The Ganglia Web Package | Linux Enterprise Cluster: Build a Highly Available Cluster with Commodity Hardware and Free Software

The Ganglia Web package allows you to view a current snapshot of the performance metrics stored in the RRDtool round-robin database discussed earlier. We'll divide the Ganglia Web package into two sections: title and node snapshot. Let's look at each in turn.

Note

Our example Ganglia web page comes from the cluster named IBM Cluster at the Berkeley Millennium project (http://monitor.millennium.berkeley.edu). You can call up this public web page from your web browser to see a live demonstration of the figures we'll use in this chapter.

The Title Section

The Ganglia Web package title section is shown in Figure 18-1. By default, the package uses the Full View to display the cluster (click the Physical View link to see the same data in a different format). The data displayed is a snapshot of the performance metrics collected by gmond. To refresh the data, click the Get Fresh Data button.

image from book
Figure 18-1: The Ganglia Web package title section

Note

The webfrontend pages refresh every 300 seconds (5 minutes) by default. This can be modified in ./config.php as with all Ganglia Web parameters.

The pull-down lists in the title section control what is displayed in the overview and snapshot sections.

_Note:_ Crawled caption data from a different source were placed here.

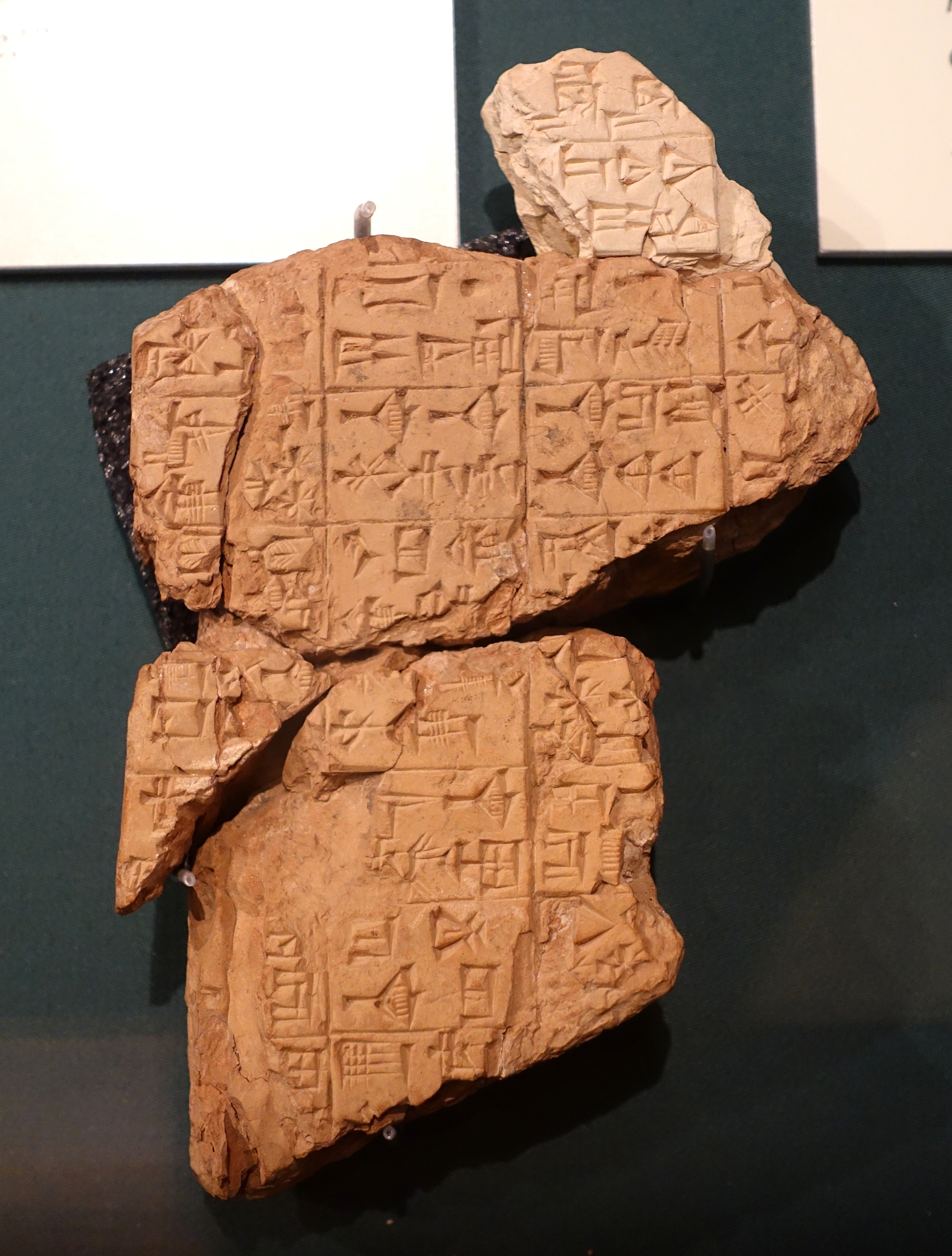 Instructions of Shurrupak, Sumerian proverb collection, c. 2400 BC   Oriental Institute Museum, University of Chicago   DSC07114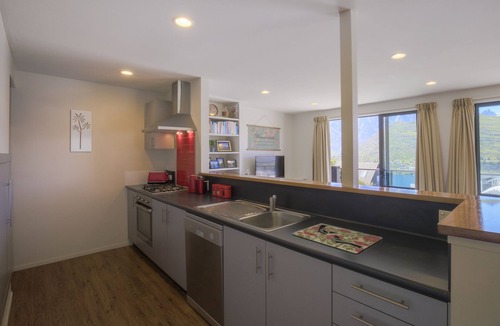 Queenstown House | Panoramic lake & mountain views | Ski/Bike storage | Parking | Queenstown 3BR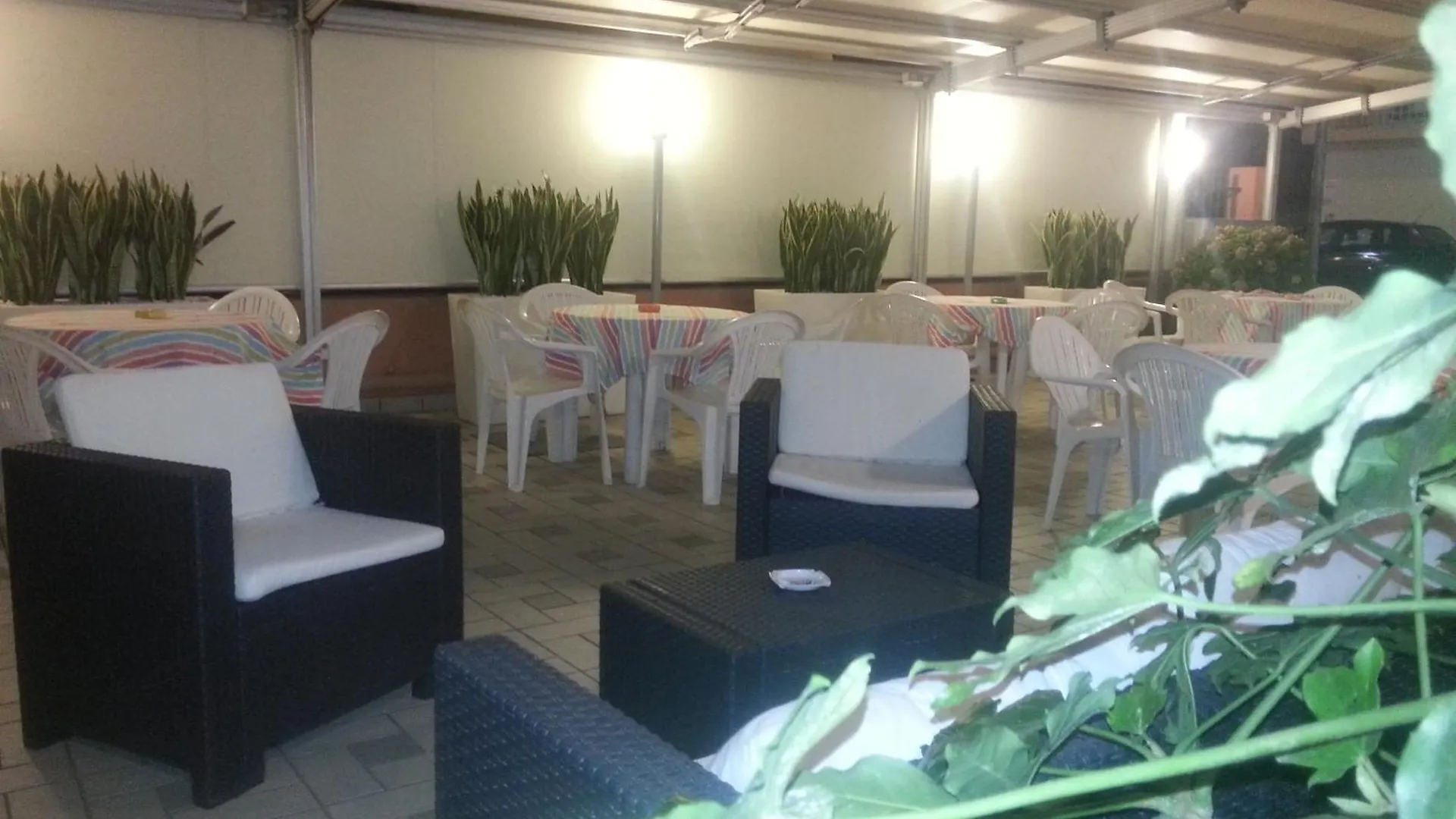Hotel Europeo Соттомарина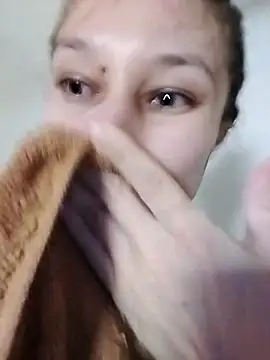 Snapshot of Marye_sony chatting on 10-31-25, 04:57 Marye sony online show from 10-31-25, 04:57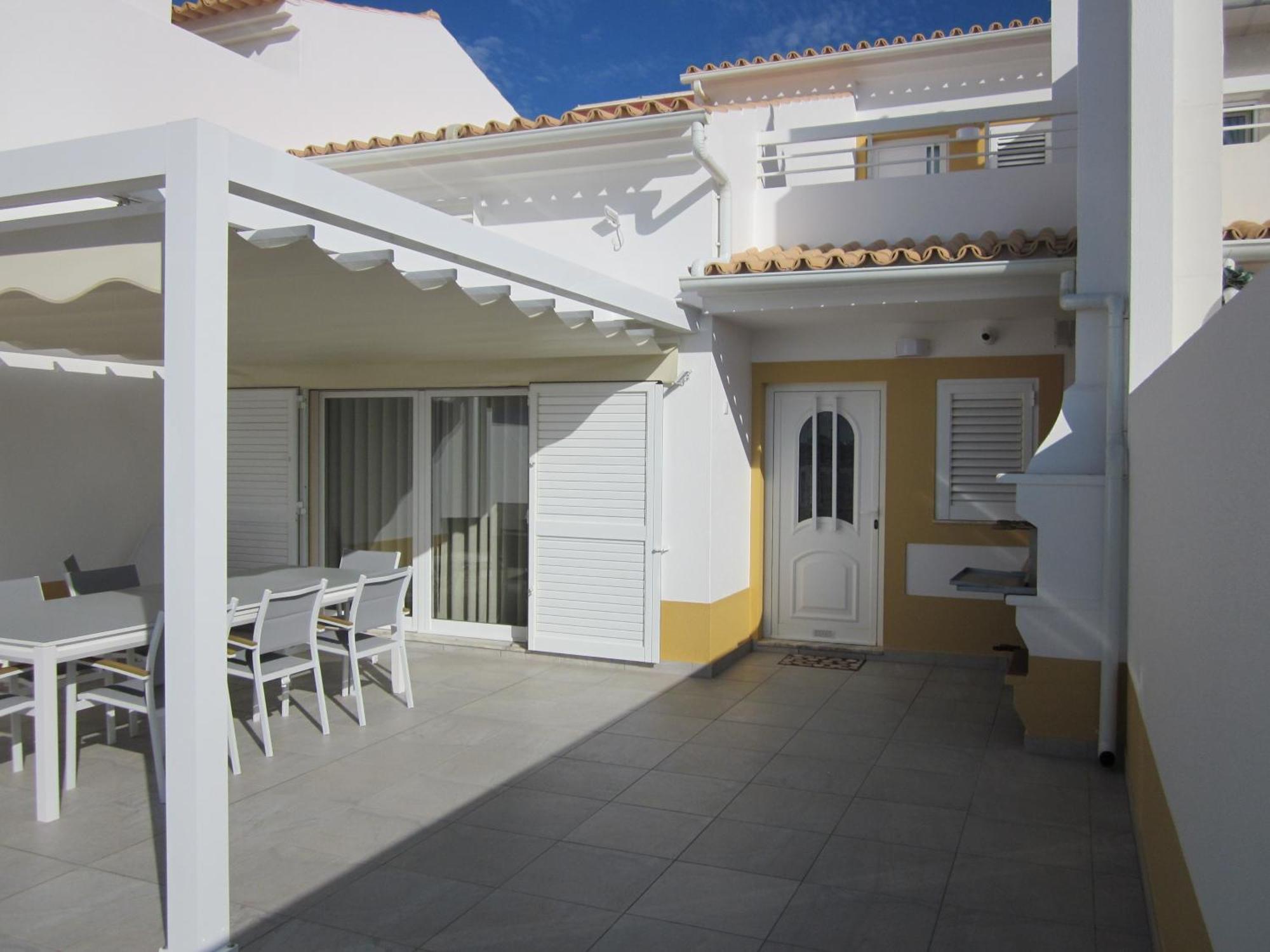 Casa de Férias Falesia Casa Da Sobreira *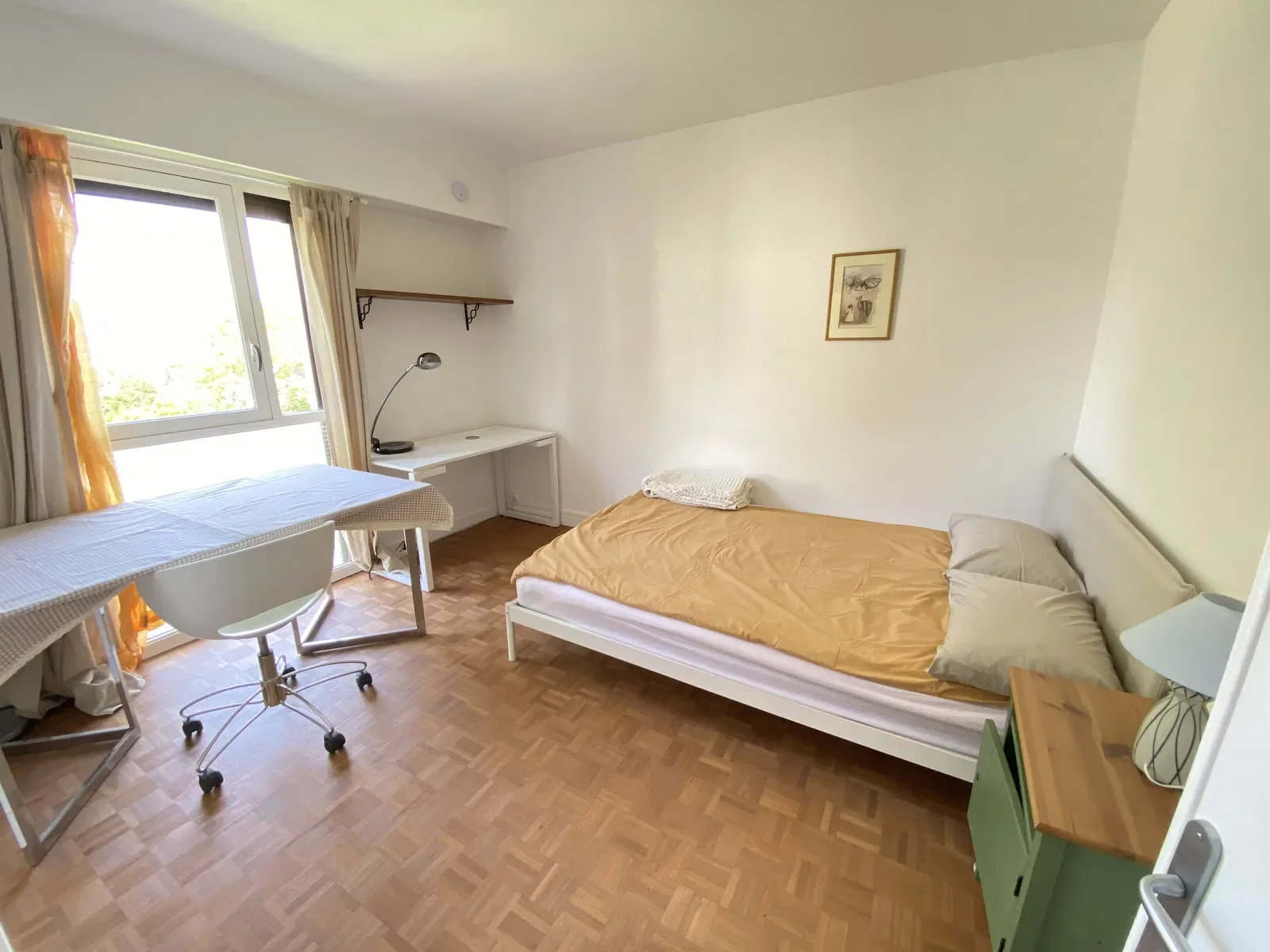 Flat Avenue Parrat in Orsay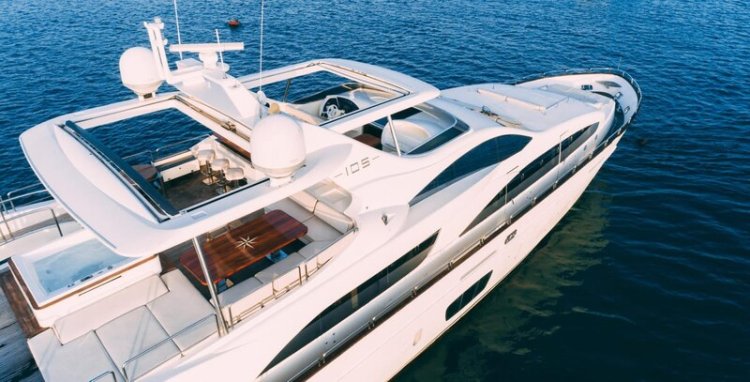 Owner sells Megayacht Azimut Jumbo 105 year 2006 located in Costa Rica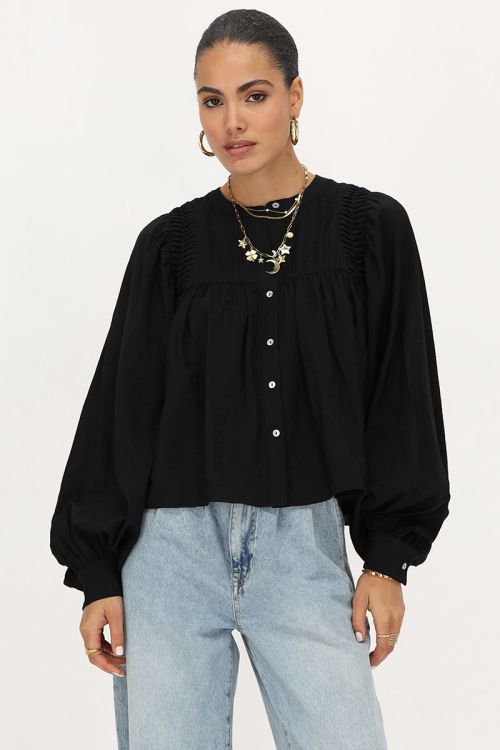 Black blouse with pintuck & balloon sleeves | My Jewellery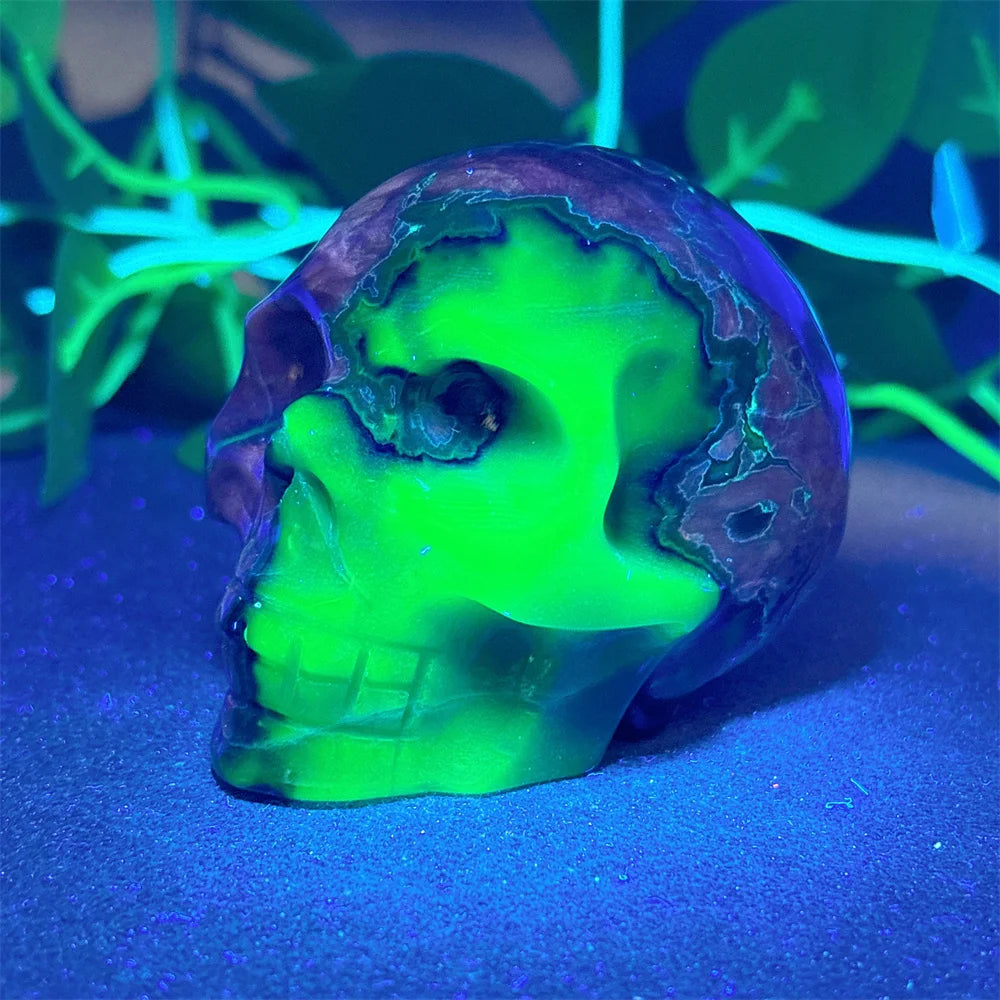 Natural Volcano Agate Skull Crystal - Healing Quartz Stone for Meditation, Spiritual Energy & Halloween Decor - Unique Mineral Specimen Gift for Collectors & Crystal Enthusiasts (Perfect for Home Altar, Yoga Space & Gothic Decor)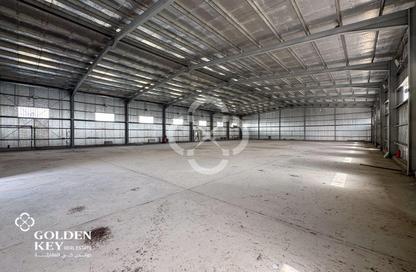 Warehouse - Studio - 1 for rent in East Industrial Street - Birkat Al Awamer - Al Wakra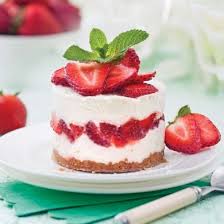Gateau Etage A La Creme Glacee Et Aux Fraises Recette Recette Gateau Glace Et Dessert Fraise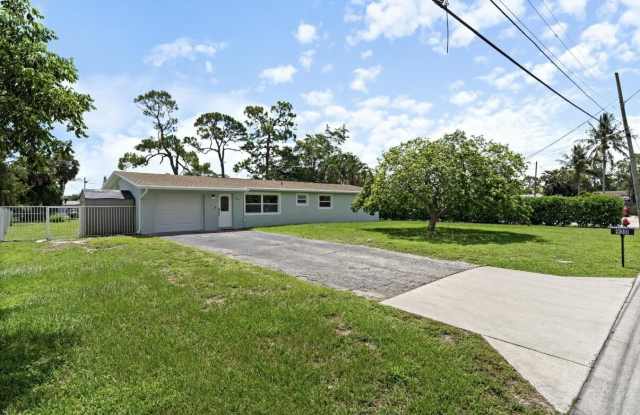 930 Rutherford Lane - 930 Rutherford Lane, Haverhill, FL 33415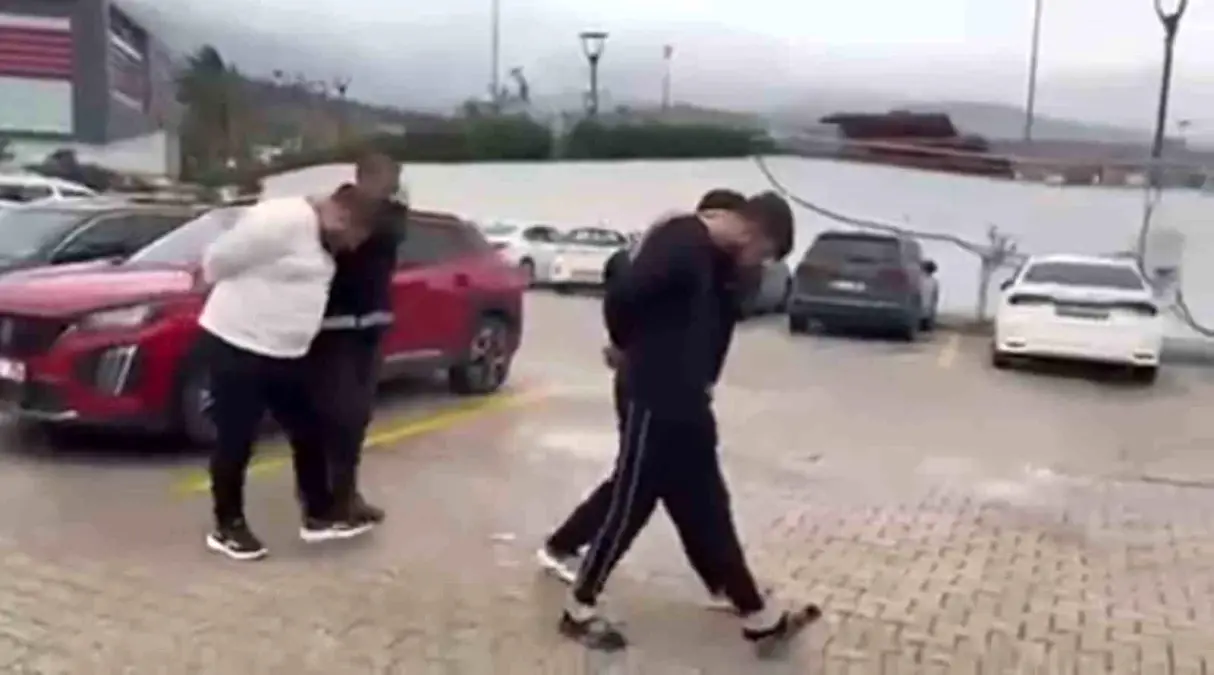 İskenderun'da kasten yaralama ve tehdit şüphelisi 3 kişi tutuklandı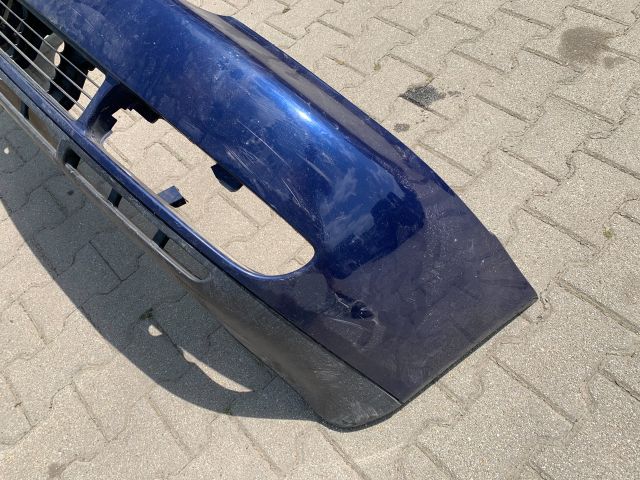 bontott AUDI A4 B5 Első Lökhárító (Részeivel)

The Last menu lets you select up to a year's worth of data that will be graphed in the overview section. When you click the Metric pull-down list, you'll see the list of collected performance metrics. The default metric is load_one, which is the one-minute load average on the cluster nodes. (We'll discuss this shortly.)

Also notice that you can specify a sort order for the output of the metric you select, which is used in the display of the nodes in the node snapshot section.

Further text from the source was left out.